Abstract:Fully test-time adaptation aims to adapt a network model online based on sequential analysis of input samples during the inference stage. We observe that, when applying a transformer network model into a new domain, the self-attention profiles of image samples in the target domain deviate significantly from those in the source domain, which results in large performance degradation during domain changes. To address this important issue, we propose a new structure for the self-attention modules in the transformer. Specifically, we incorporate three domain-conditioning vectors, called domain conditioners, into the query, key, and value components of the self-attention module. We learn a network to generate these three domain conditioners from the class token at each transformer network layer. We find that, during fully online test-time adaptation, these domain conditioners at each transform network layer are able to gradually remove the impact of domain shift and largely recover the original self-attention profile. Our extensive experimental results demonstrate that the proposed domain-conditioned transformer significantly improves the online fully test-time domain adaptation performance and outperforms existing state-of-the-art methods by large margins.
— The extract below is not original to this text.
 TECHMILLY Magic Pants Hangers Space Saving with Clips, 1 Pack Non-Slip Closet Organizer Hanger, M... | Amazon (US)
What problem does this paper attempt to address?
The problem that this paper attempts to solve is in fully test - time adaptation (FTTA), when applying pre - trained Transformer models to new target domains, the significant performance degradation problem caused by the data distribution differences between the source domain and the target domain. Specifically, the author observes that when applying the Transformer network model to a new domain, the self - attention distribution of the target - domain image samples has a significant deviation compared to the source domain, which leads to a large performance drop during domain changes.
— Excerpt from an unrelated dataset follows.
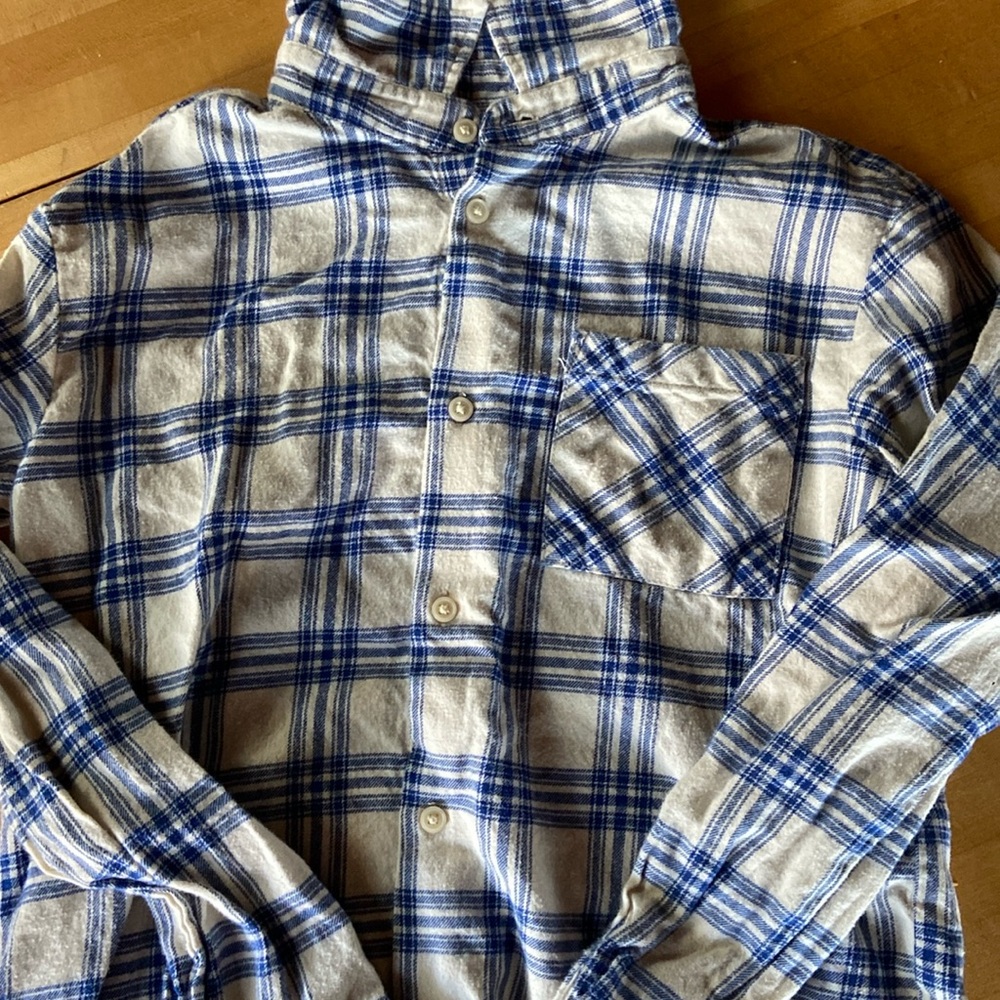 Boys long sleeve blue plaid button up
To solve this problem, the author proposes a new structure - **Domain - Conditioned Transformer (DCT)**, by introducing three domain condition vectors (domain conditioners) and adding them to the query, key, and value components of the self - attention module respectively. These domain condition vectors aim to capture domain - specific perturbation information and remove these perturbations layer by layer, thereby gradually restoring the original self - attention distribution and improving the model's adaptability on the new domain.
### Specific Problem Description
1. **Domain Transfer Problem**: When the Transformer model is transferred from the source domain to the target domain, due to the change in data distribution, the model's self - attention mechanism will be perturbed, resulting in performance degradation.
2. **Online Adaptation Challenge**: It is necessary to adjust the model online to adapt to the data distribution of the target domain without the source - domain data, and this adaptation is carried out in real - time, that is, relying only on the current mini - batch test samples each time.
### Solution
The Domain - Conditioned Transformer (DCT) proposed by the author mainly solves the problem in the following ways:
- **Introducing Domain Condition Vectors**: In each Transformer layer, three domain condition vectors (\[C_q, C_k, C_v\]) are introduced, and these vectors are generated by a lightweight neural network (called the domain - condition generator \(\Phi_l\)) according to the class token.
- **Removing Domain Shifts Layer by Layer**: By introducing domain condition vectors in each Transformer layer, the influence of domain shifts is gradually removed and the original self - attention distribution is restored.
- **Online Learning**: The domain - condition generator is continuously updated during the testing process to ensure that the model can adapt to the data distribution of the target domain in real - time.
### Experimental Results
The experimental results show that the proposed DCT method significantly improves the performance of domain adaptation during online testing and outperforms the existing state - of - the - art methods on multiple benchmark datasets.
### Formula Summary
- The output matrix of the self - attention mechanism is defined as:
\[
\text{Attention}(Q, K, V)=\text{softmax}\left(\frac{QK^{\top}}{\sqrt{d}}\right)V
\]
- The self - attention mechanism after introducing domain condition vectors:
\[
\bar{Q}=\begin{bmatrix}Q\\C_q\end{bmatrix}, \quad \bar{K}=\begin{bmatrix}K\\C_k\end{bmatrix}, \quad \bar{V}=\begin{bmatrix}V\\C_v\end{bmatrix}
\]
\[
\text{Attention}(\bar{Q}, \bar{K}, \bar{V})=\text{softmax}\left(\frac{\bar{Q}\bar{K}^{\top}}{\sqrt{d}}\right)\bar{V}
\]
Through these improvements, DCT can effectively adapt to new target domains during fully online testing and maintain and improve the performance of the model.